El centro de la tierra, de Jorge Monteleone –escritor, crítico, reconocido experto en poesía, periodista cultural e investigador del Conicet–, hace eje en la articulación natural y, a la vez, idealizada que se da entre la lectura y la infancia, esa especie de corredor paralelo a la alfabetización que también se vincula con un rito de ingreso: aquel en que alguien decide o se da cuenta de que, por alguna razón, está destinando mucho tiempo a los libros. Y lo hace a partir de una paradoja: el significado etimológico de la palabra infancia que es, justamente, "los que no hablan" y una frase de Giorgio Agamben, llena de resonancias: "Que el hombre no sea desde siempre hablante, que haya sido y sea todavía infante, eso es la experiencia".

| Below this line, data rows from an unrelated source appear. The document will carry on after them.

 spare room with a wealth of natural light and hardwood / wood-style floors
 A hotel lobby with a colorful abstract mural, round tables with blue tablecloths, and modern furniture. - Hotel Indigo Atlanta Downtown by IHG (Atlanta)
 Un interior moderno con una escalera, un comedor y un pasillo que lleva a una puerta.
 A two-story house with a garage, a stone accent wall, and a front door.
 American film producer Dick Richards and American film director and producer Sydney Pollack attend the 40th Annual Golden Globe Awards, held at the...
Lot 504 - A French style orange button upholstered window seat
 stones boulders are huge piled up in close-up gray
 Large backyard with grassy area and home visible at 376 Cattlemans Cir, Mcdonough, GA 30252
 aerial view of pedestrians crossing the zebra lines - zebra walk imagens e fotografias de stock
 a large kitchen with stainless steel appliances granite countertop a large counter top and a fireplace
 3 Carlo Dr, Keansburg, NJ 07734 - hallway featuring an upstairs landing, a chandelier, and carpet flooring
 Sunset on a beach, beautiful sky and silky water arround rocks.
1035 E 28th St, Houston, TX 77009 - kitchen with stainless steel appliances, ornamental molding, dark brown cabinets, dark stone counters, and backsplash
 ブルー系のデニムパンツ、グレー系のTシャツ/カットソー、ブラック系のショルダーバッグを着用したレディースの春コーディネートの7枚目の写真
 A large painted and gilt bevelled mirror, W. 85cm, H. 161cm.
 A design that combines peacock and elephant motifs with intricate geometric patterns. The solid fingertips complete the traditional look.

Monteleone va desandando, entonces, con Proust en mente y sin miedo a mostrar un costado sensible, el laberíntico camino que entiende la lectura como un verdadero horizonte de expectativas: el aspecto más material del libro enriquecido por la metáfora de un posible barco con el cual combatir el frío o el miedo a la oscuridad, las primeras aproximaciones copiando los dibujitos que veía por la televisión o la ansiedad obsesiva por completar las colecciones de revistas como Billiken. También aparecen las relaciones familiares atravesadas por los libros (la cercanía casi corporal de su madre con las letras, los primeros libros regalados por su padre, las lecturas cómplices y casi clandestinas con un primo), las primeras revelaciones de la poesía más como ritmo o como música que como significado, las historietas, la dificultad por terminar los libros, la irrupción de esa primera narración fascinante –Dos años de vacaciones, de Julio Verne– que, al final, sí pudo terminar de leer. Monteleone rastrea, en definitiva, esos primeros momentos de la vida en los que empiezan a vislumbrarse las intersecciones entre el deseo, el azar y la voluntad.

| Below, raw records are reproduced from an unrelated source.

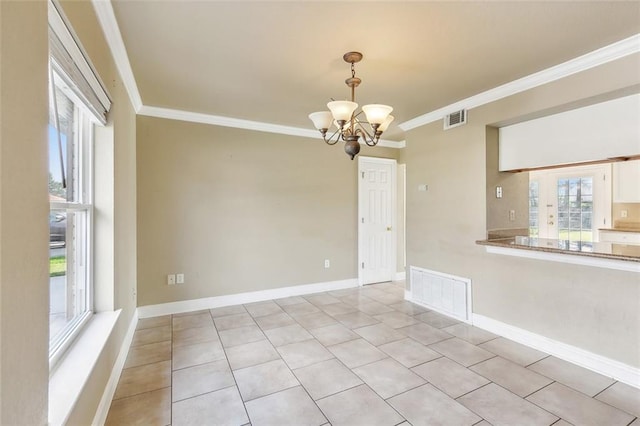 tiled spare room with crown molding and a chandelier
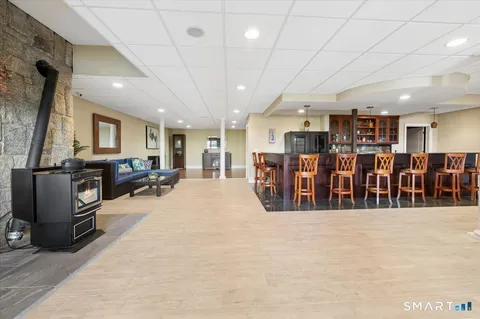 a living room with lots of furniture and kitchen view
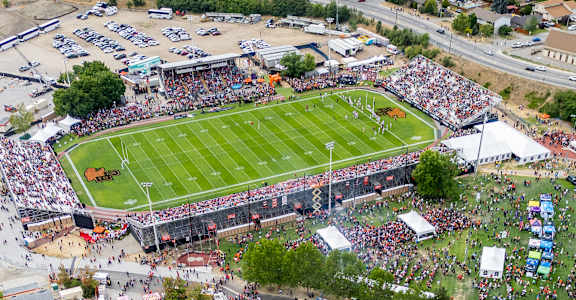 A large stadium with a green field and a crowd of people watching a game.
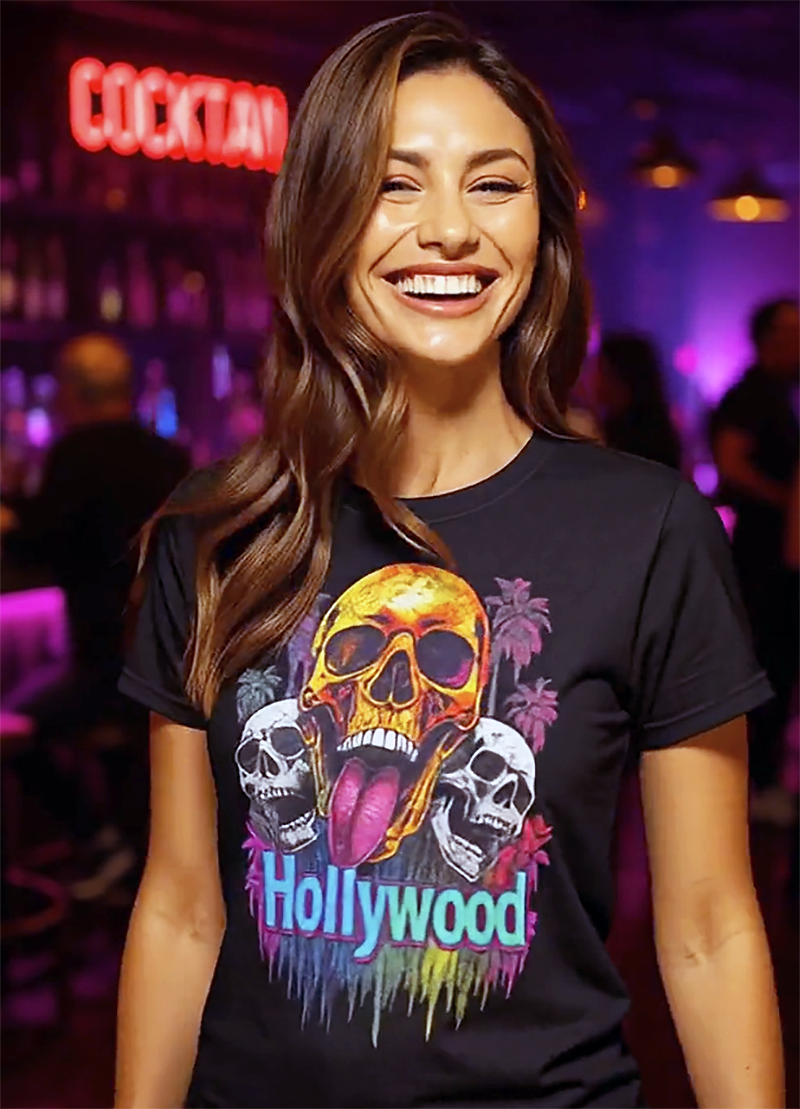 Hollywood is Dead skull palm tree graphic tee worn by glamorous female model at neon cocktail bar purple lighting black t-shirt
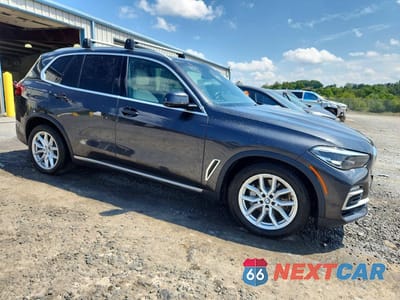 Czwarte zdjęcie samochodu z boku: 2021 BMW X5 XDRIVE40I VIN:5UXCR6C02M9E75055 - miniatura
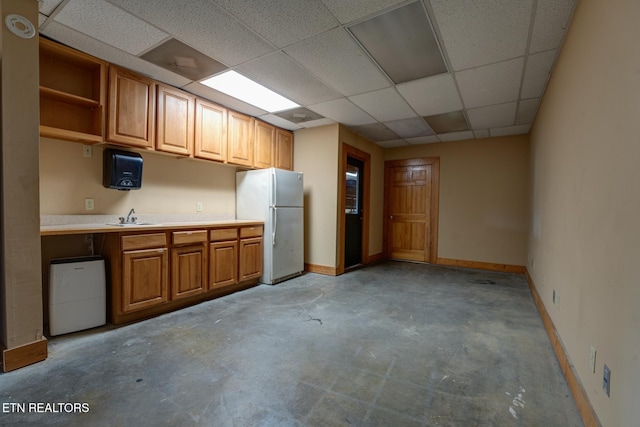 kitchen featuring freestanding refrigerator, light countertops, a drop ceiling, and baseboards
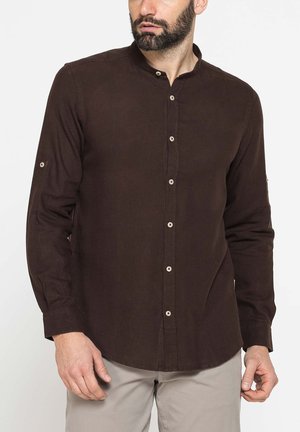 Uomo che indossa una camicia marrone scuro a maniche lunghe con bottoni e collo alla coreana e pantaloni grigio chiaro su sfondo bianco uni.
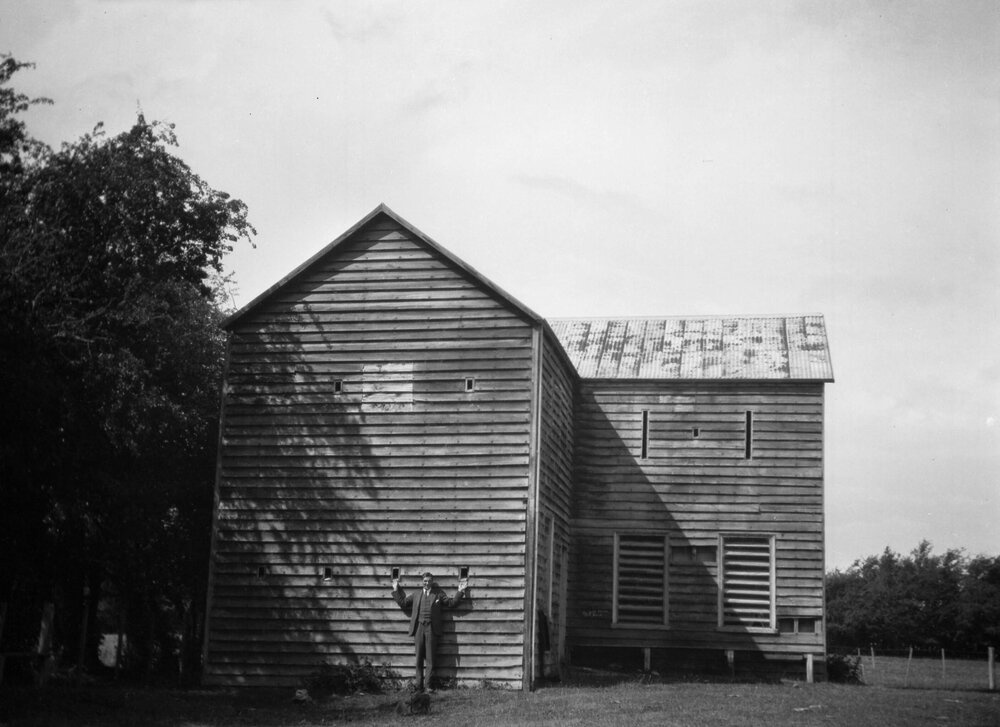 An unidentified man standing against the external wall of a large two-storied timber building in a rural setting at an unknown location in New Zealand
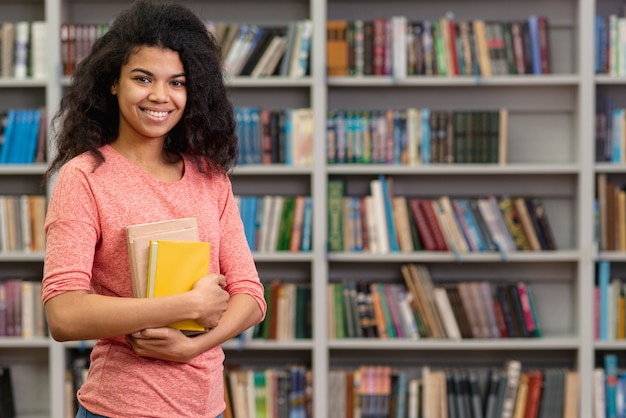 Smiley adolescente na biblioteca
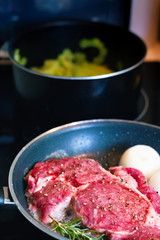 Close up and selective focus of Raw fresh red beef steak and ingredients in frying pan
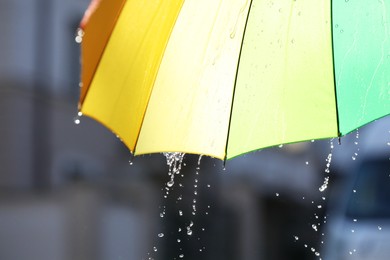 Photo of Open bright umbrella under pouring rain outdoors, closeup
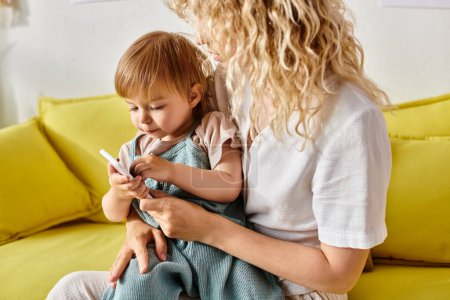 Curly-haired mother holding toddler daughter who is mesmerized by a cell phone screen at home.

En momentos en que las ideologías, los mandatos, los viejos aprendizajes y sistemas patriarcales empiezan a ser replanteados, parece casi necesario recordar y revisar, como hace Monteleone, la génesis de la relación que cada lector empezó a tener con las palabras escritas. A la manera de los filósofos deconstructivistas, El centro de la tierra acierta en reservar una tipología de letra menor para algunas aclaraciones como la omnipresencia de la editorial Tor y sus tapas estrafalarias y eficaces, o explayarse en algunas anécdotas que se van por las ramas sin salirse del tema.

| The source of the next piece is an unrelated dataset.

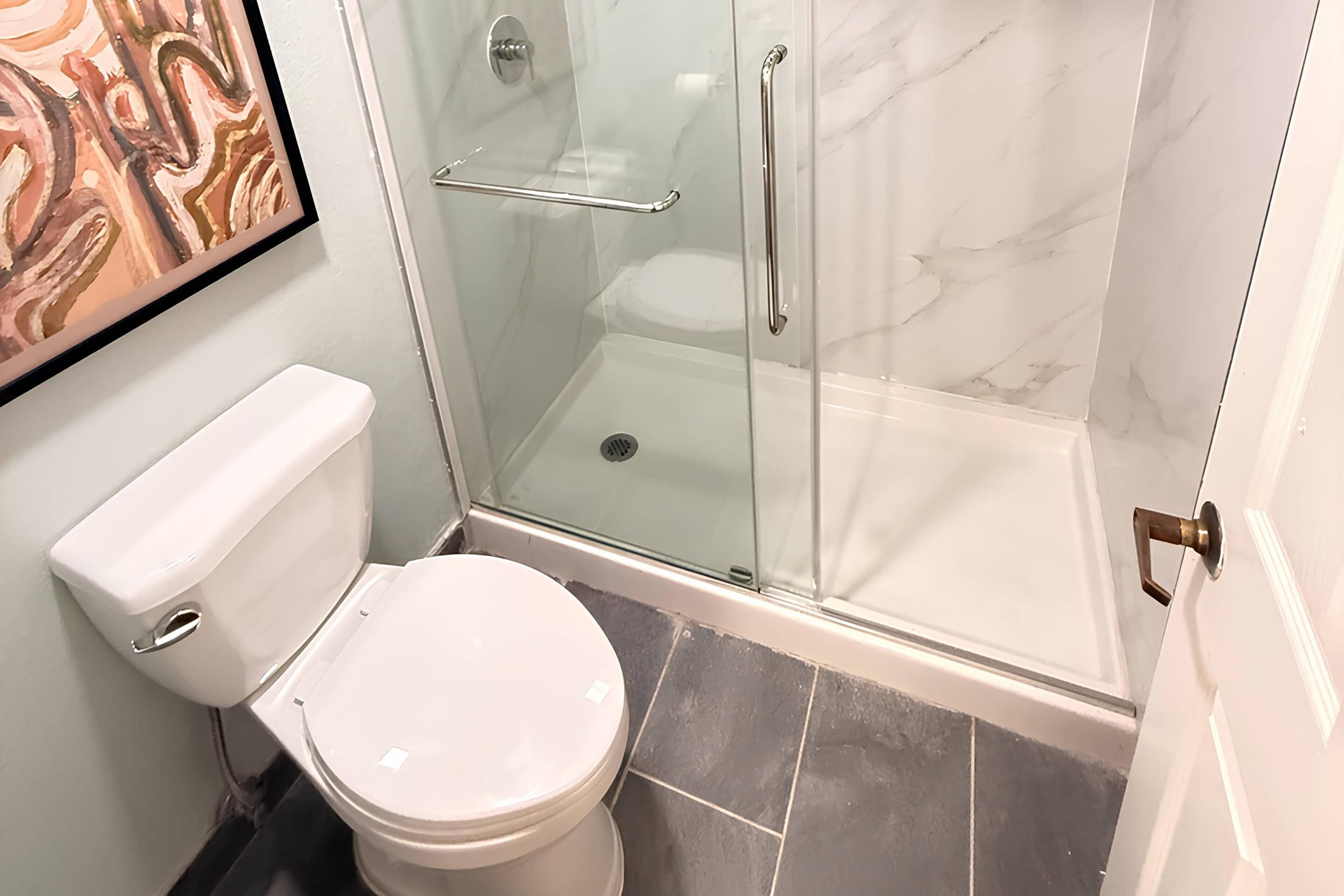 A bathroom with a toilet, a glass shower enclosure, and a marble-tiled floor.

Monteleone –que puede apelar en su libro tanto al Martín Fierro como a Felisberto Hernández o Superman– lo explica a la perfección en una frase: "La lectura en la infancia no podría relatarse como una historia de causas y de efectos sino como una serie de destellos, de epifanías, de repentinos fogonazos que iluminaran una habitación atestada de trastos irreconocibles".